-- About this exercise --
With the images left out, print every entry that follows exactly.

◆ ◆ ◆ ◆

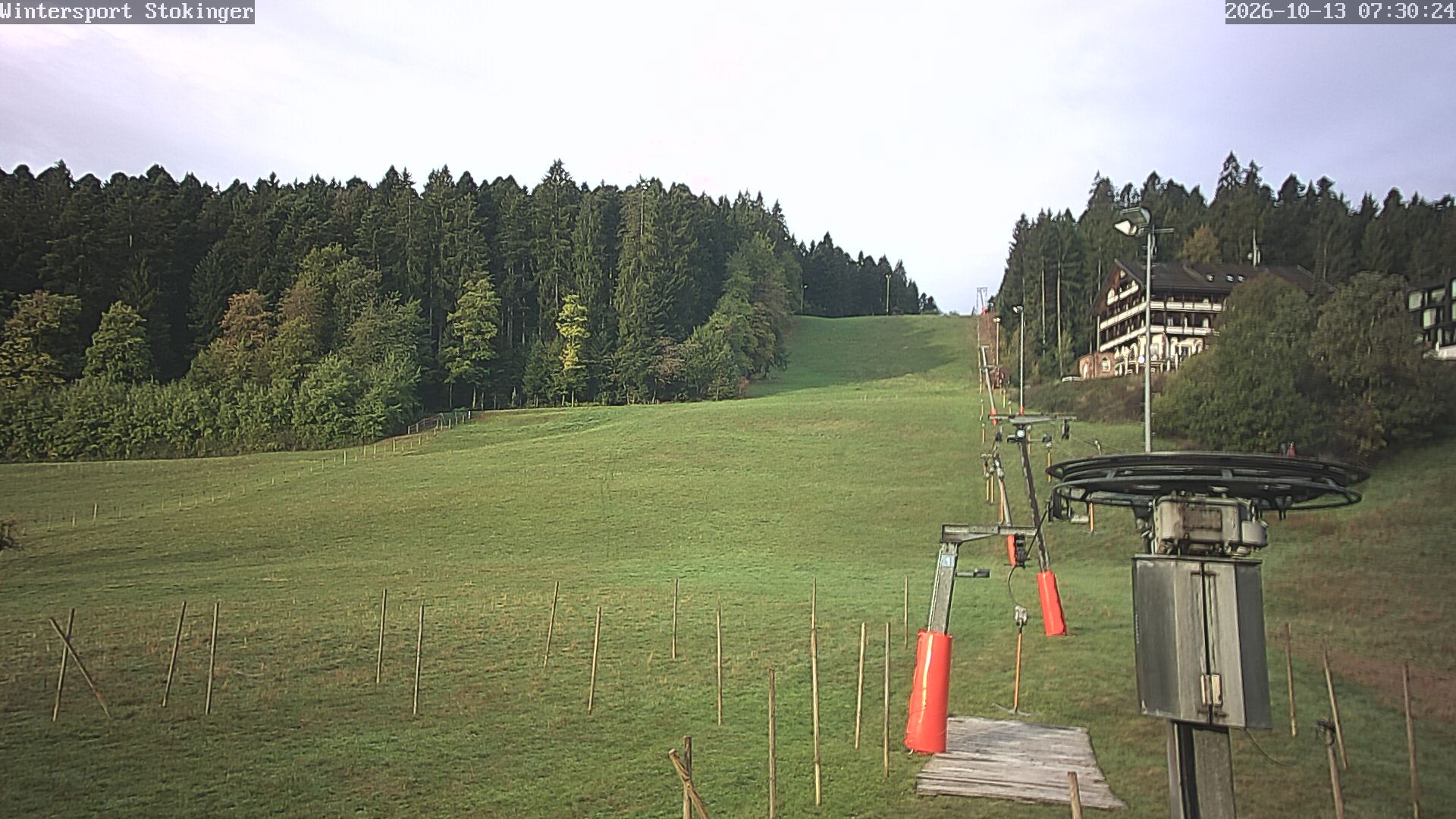Archiv Foto Webcam Freudenstadt-Lauterbad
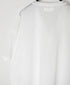 NSL24032 80s COTTON VOILE LACE V-NECK LACE S/SL PULLOVER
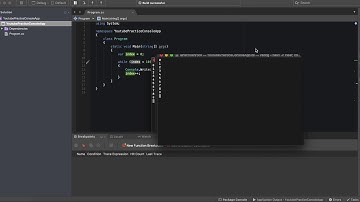 C# Tutorial: While Loop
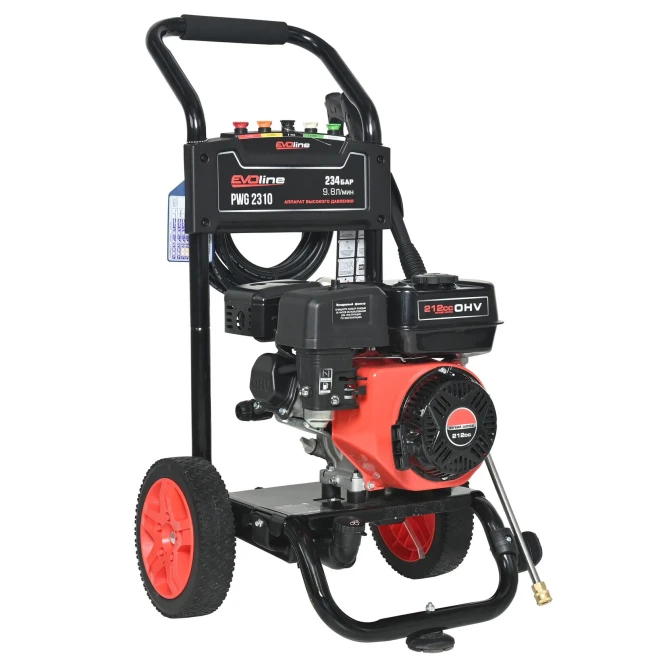 Мойка высокого давления Evoline PWG 2310 в Екатеринбурге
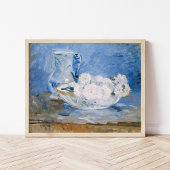 Poster Marguerites | Berthe Morisot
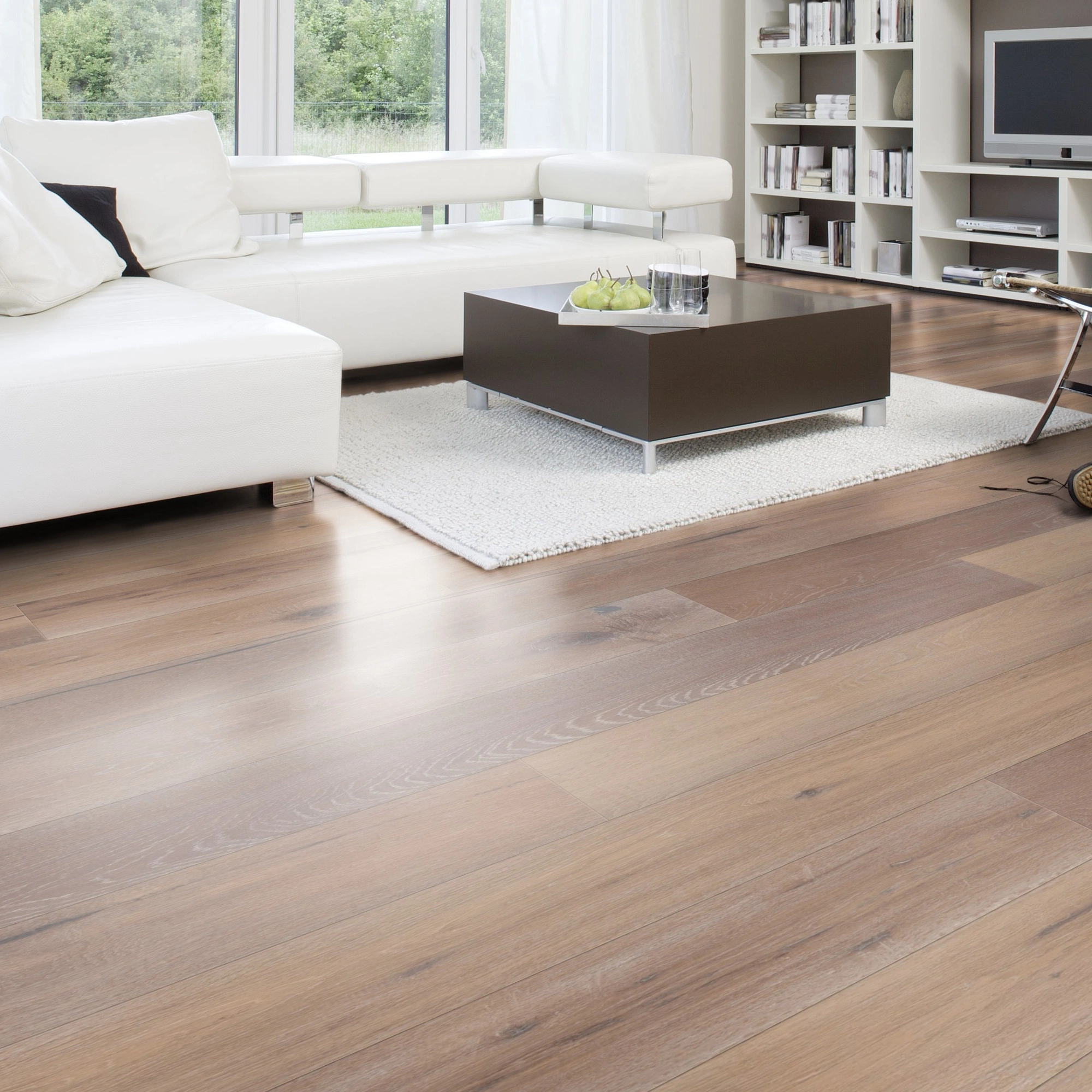 Wicanders Parkett Victoria Steel RW04255 Natur Holzstruktur Natur-Geölt Weiß Wicanders Parkett Victoria Steel RW04255 Natur Holzstruktur Natur-Geölt Weiß
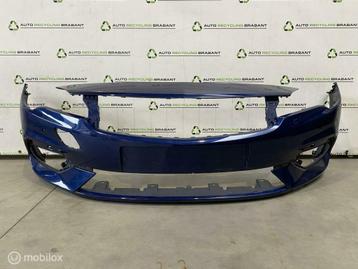Voorbumper Opel Astra K G4B NAUTIC BLAUW ORIGINEEL 39130492 beschikbaar voor biedingen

◆ ◆ ◆ ◆

-- Answer section --
Archiv Foto Webcam Freudenstadt-Lauterbad
 NSL24032 80s COTTON VOILE LACE V-NECK LACE S/SL PULLOVER
 C# Tutorial: While Loop
 Мойка высокого давления Evoline PWG 2310 в Екатеринбурге
 Poster Marguerites | Berthe Morisot
 Wicanders Parkett Victoria Steel RW04255 Natur Holzstruktur Natur-Geölt Weiß Wicanders Parkett Victoria Steel RW04255 Natur Holzstruktur Natur-Geölt Weiß
Voorbumper Opel Astra K G4B NAUTIC BLAUW ORIGINEEL 39130492 beschikbaar voor biedingen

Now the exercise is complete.